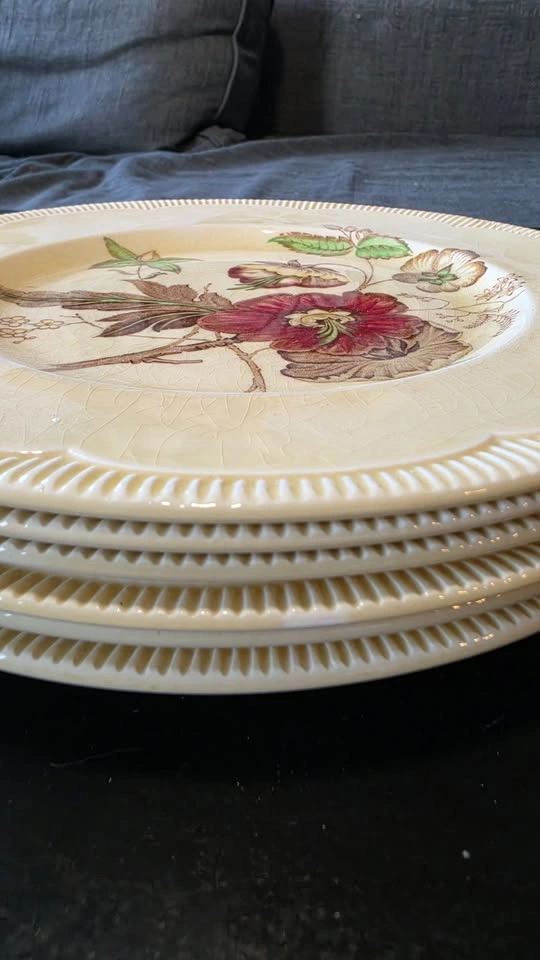 Royal Staffordshire Vintage 6 Plates by Clarice Cliff - photo 3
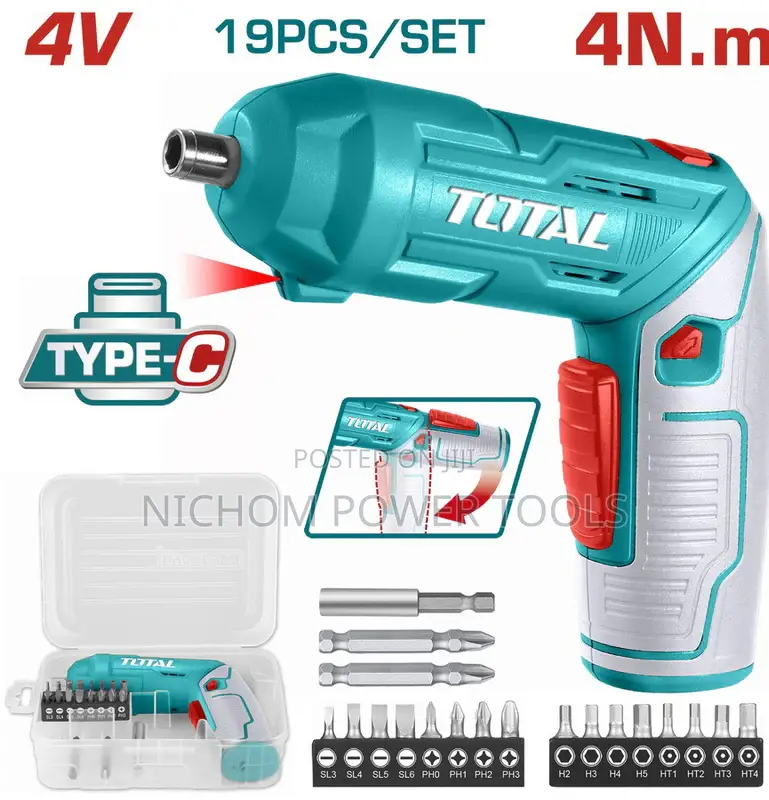 Total TSDLI0442 Lithium-Ion Cordless Screwdriver 4V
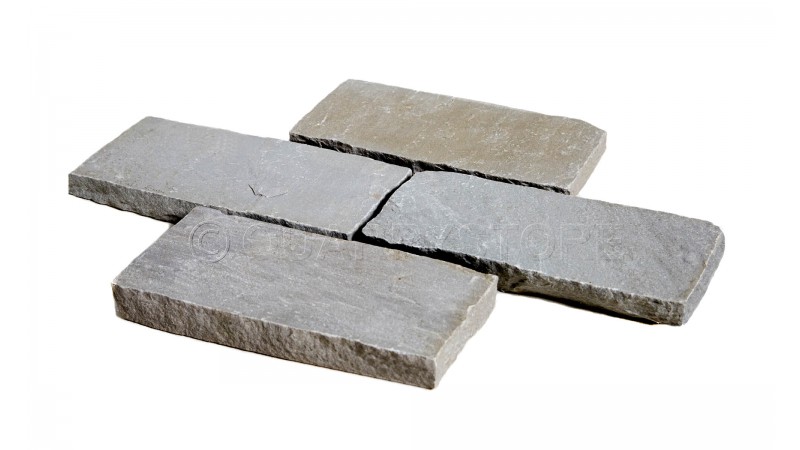 Kandla Grey Sandstone Cobbles (200x100mm)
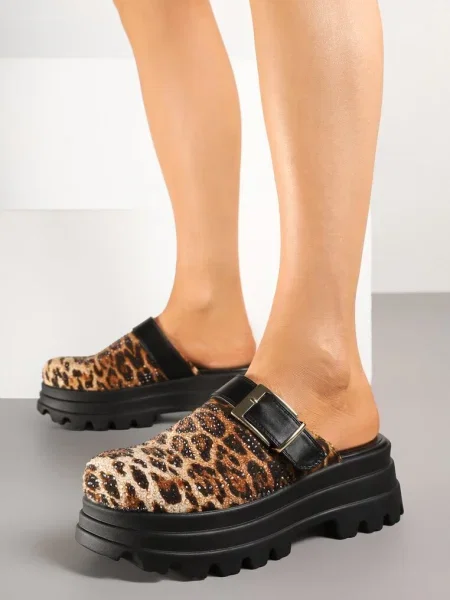 Papuci Sorelenna Imprimeu leopard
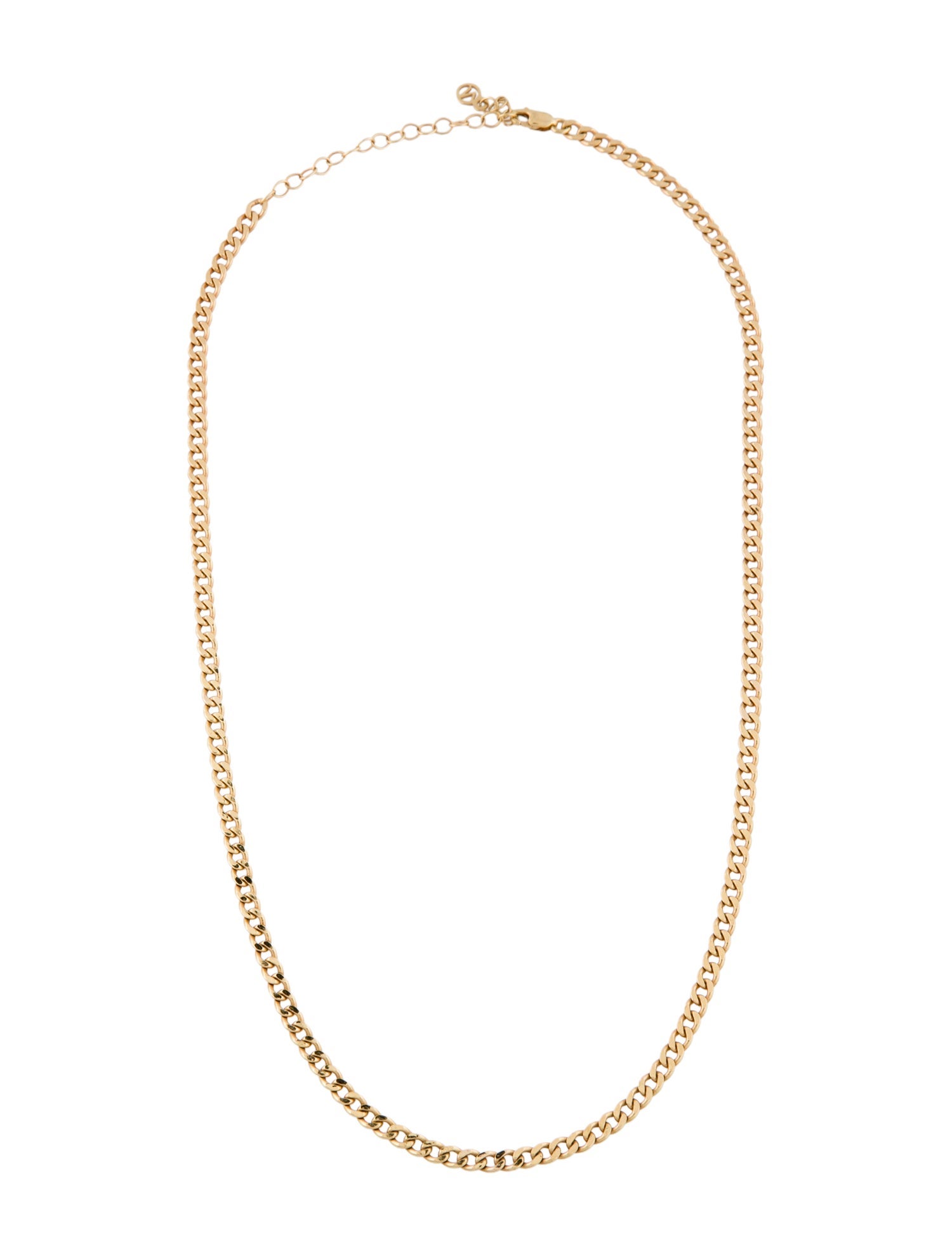 Mejuri 14K Curb Chain Necklace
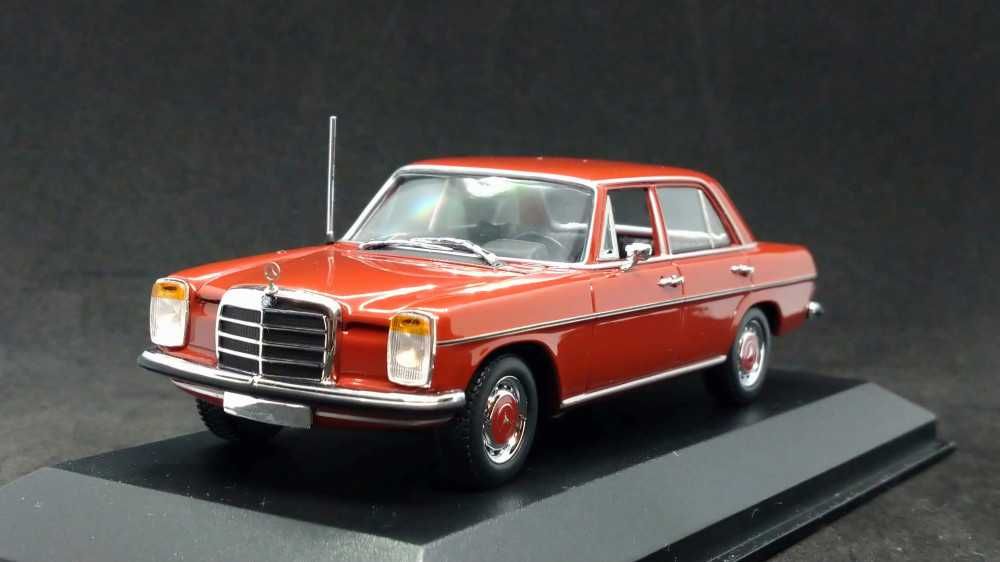 Macheta Mercedes 200 w114 bot de cal Maxichamps 1:43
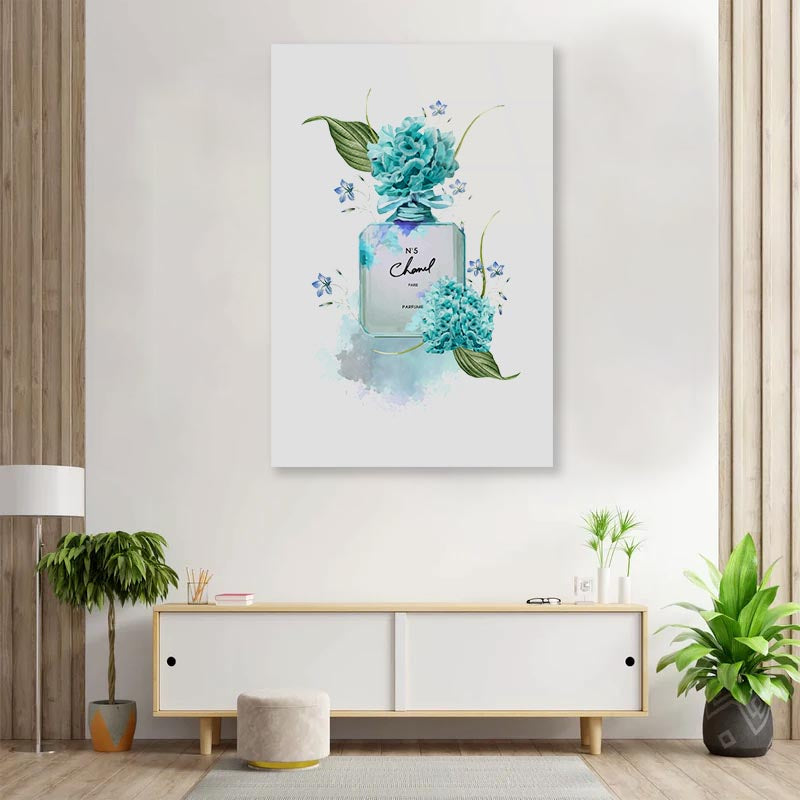 Ocean Blue Perfume 3D Design Acrylic Glass Print Tempered Glass Wall Art 100% Made in Australia Ready to Hang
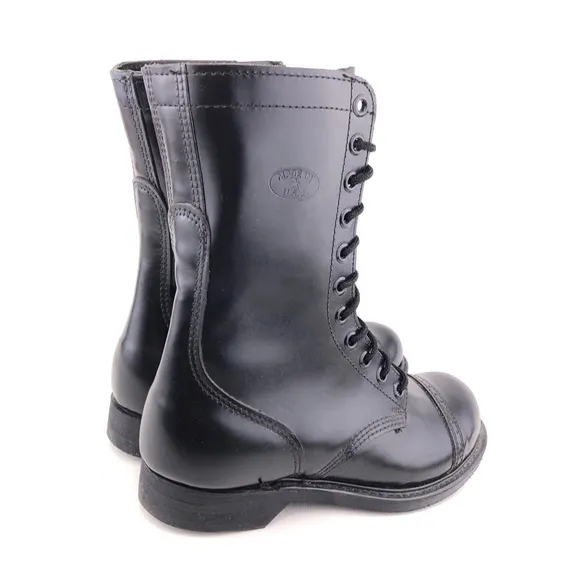 Corcoran 975 Black Leather Paratrooper Jump Boots 8.5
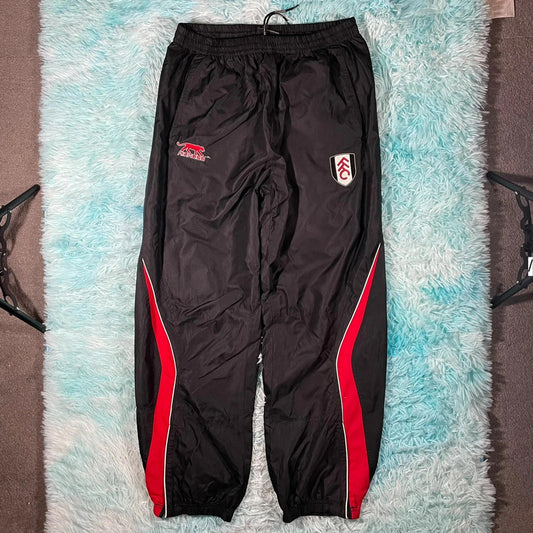 Vintage Black Fulham Tracksuit Bottoms Airness - XXL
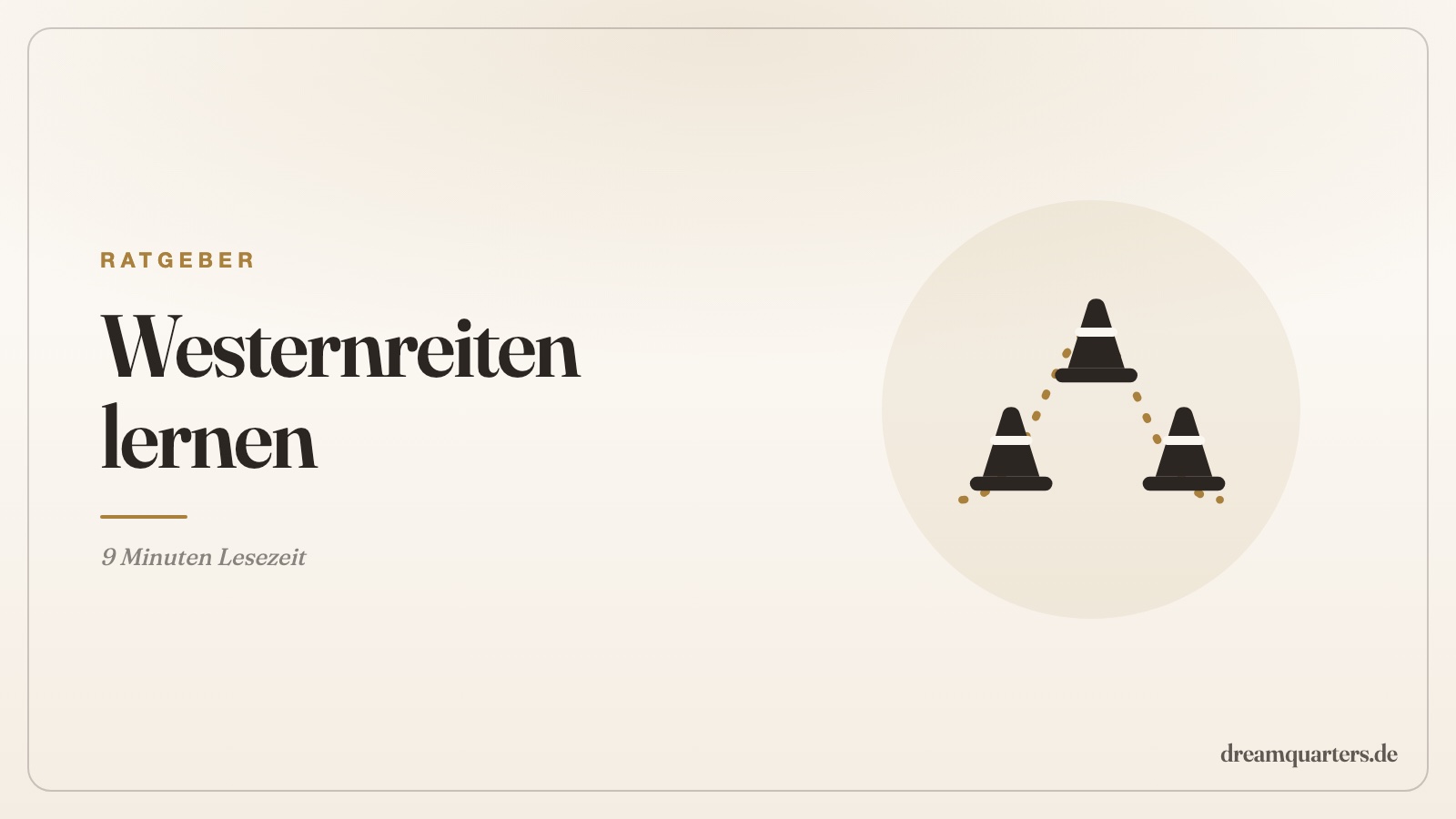 Westernreiten lernen: Kosten, Einstieg, erste Stunde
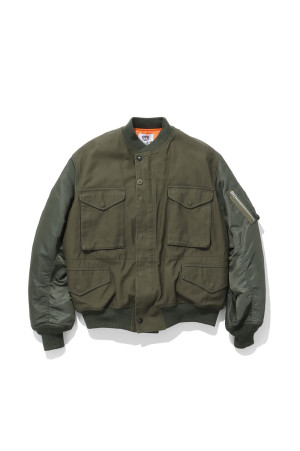 x Rebuild by Needles / Flight Jacket - OLIVE (WR-J909-100)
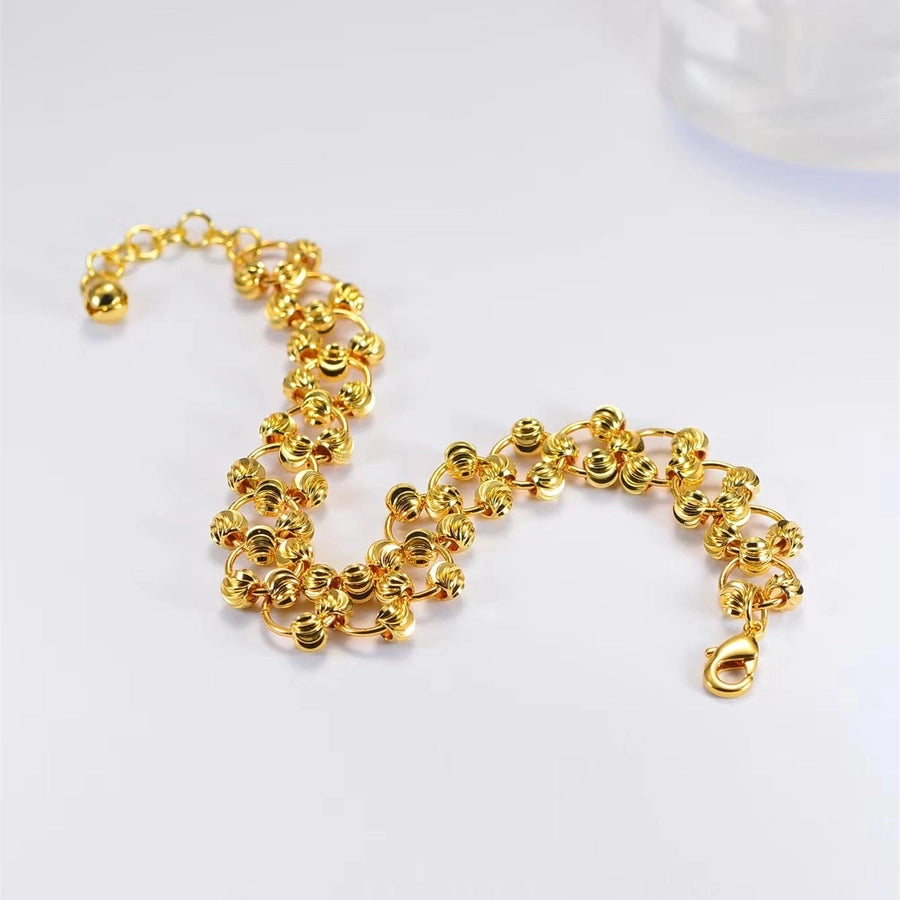 Copper 18K Gold Plated Geometric Bracelets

Assignment :: An exact copy is needed of the lines from the start of the listing through the line with "Westernreiten lernen: Kosten, Einstieg, erste", both end lines included and pictures excluded.

Exercise solution ::
 Royal Staffordshire Vintage 6 Plates by Clarice Cliff - photo 3
 Total TSDLI0442 Lithium-Ion Cordless Screwdriver 4V
 Kandla Grey Sandstone Cobbles (200x100mm)
 Papuci Sorelenna Imprimeu leopard
 Mejuri 14K Curb Chain Necklace
 Macheta Mercedes 200 w114 bot de cal Maxichamps 1:43
 Ocean Blue Perfume 3D Design Acrylic Glass Print Tempered Glass Wall Art 100% Made in Australia Ready to Hang
 Corcoran 975 Black Leather Paratrooper Jump Boots 8.5
 Vintage Black Fulham Tracksuit Bottoms Airness - XXL
 Westernreiten lernen: Kosten, Einstieg, erste Stunde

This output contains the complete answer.